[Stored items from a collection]
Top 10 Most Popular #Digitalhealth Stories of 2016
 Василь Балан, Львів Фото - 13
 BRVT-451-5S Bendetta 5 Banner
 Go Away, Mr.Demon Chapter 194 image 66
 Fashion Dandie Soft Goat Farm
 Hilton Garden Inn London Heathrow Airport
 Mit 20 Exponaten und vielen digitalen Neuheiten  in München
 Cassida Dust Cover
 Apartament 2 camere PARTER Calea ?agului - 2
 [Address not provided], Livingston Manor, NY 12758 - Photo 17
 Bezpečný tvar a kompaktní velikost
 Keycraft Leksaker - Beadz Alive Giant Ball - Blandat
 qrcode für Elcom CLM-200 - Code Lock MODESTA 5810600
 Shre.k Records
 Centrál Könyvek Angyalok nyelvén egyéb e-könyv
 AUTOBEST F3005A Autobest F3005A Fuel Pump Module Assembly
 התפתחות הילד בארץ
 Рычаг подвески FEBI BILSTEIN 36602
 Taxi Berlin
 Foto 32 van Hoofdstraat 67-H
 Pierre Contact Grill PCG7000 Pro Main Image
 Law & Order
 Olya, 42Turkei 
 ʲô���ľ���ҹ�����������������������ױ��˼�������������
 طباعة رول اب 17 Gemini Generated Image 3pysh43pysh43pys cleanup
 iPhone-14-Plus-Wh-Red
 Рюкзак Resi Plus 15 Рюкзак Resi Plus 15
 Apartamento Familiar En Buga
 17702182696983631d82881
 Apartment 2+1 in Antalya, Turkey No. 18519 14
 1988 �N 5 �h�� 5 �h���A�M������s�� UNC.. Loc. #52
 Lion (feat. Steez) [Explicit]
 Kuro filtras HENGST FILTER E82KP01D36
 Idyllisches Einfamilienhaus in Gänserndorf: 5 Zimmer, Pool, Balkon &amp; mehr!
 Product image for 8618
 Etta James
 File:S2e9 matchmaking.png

Task brief – Please write out each entry shown above exactly as given.

Finished exercise –
Top 10 Most Popular #Digitalhealth Stories of 2016
 Василь Балан, Львів Фото - 13
 BRVT-451-5S Bendetta 5 Banner
 Go Away, Mr.Demon Chapter 194 image 66
 Fashion Dandie Soft Goat Farm
 Hilton Garden Inn London Heathrow Airport
 Mit 20 Exponaten und vielen digitalen Neuheiten  in München
 Cassida Dust Cover
 Apartament 2 camere PARTER Calea ?agului - 2
 [Address not provided], Livingston Manor, NY 12758 - Photo 17
 Bezpečný tvar a kompaktní velikost
 Keycraft Leksaker - Beadz Alive Giant Ball - Blandat
 qrcode für Elcom CLM-200 - Code Lock MODESTA 5810600
 Shre.k Records
 Centrál Könyvek Angyalok nyelvén egyéb e-könyv
 AUTOBEST F3005A Autobest F3005A Fuel Pump Module Assembly
 התפתחות הילד בארץ
 Рычаг подвески FEBI BILSTEIN 36602
 Taxi Berlin
 Foto 32 van Hoofdstraat 67-H
 Pierre Contact Grill PCG7000 Pro Main Image
 Law & Order
 Olya, 42Turkei 
 ʲô���ľ���ҹ�����������������������ױ��˼�������������
 طباعة رول اب 17 Gemini Generated Image 3pysh43pysh43pys cleanup
 iPhone-14-Plus-Wh-Red
 Рюкзак Resi Plus 15 Рюкзак Resi Plus 15
 Apartamento Familiar En Buga
 17702182696983631d82881
 Apartment 2+1 in Antalya, Turkey No. 18519 14
 1988 �N 5 �h�� 5 �h���A�M������s�� UNC.. Loc. #52
 Lion (feat. Steez) [Explicit]
 Kuro filtras HENGST FILTER E82KP01D36
 Idyllisches Einfamilienhaus in Gänserndorf: 5 Zimmer, Pool, Balkon &amp; mehr!
 Product image for 8618
 Etta James
 File:S2e9 matchmaking.png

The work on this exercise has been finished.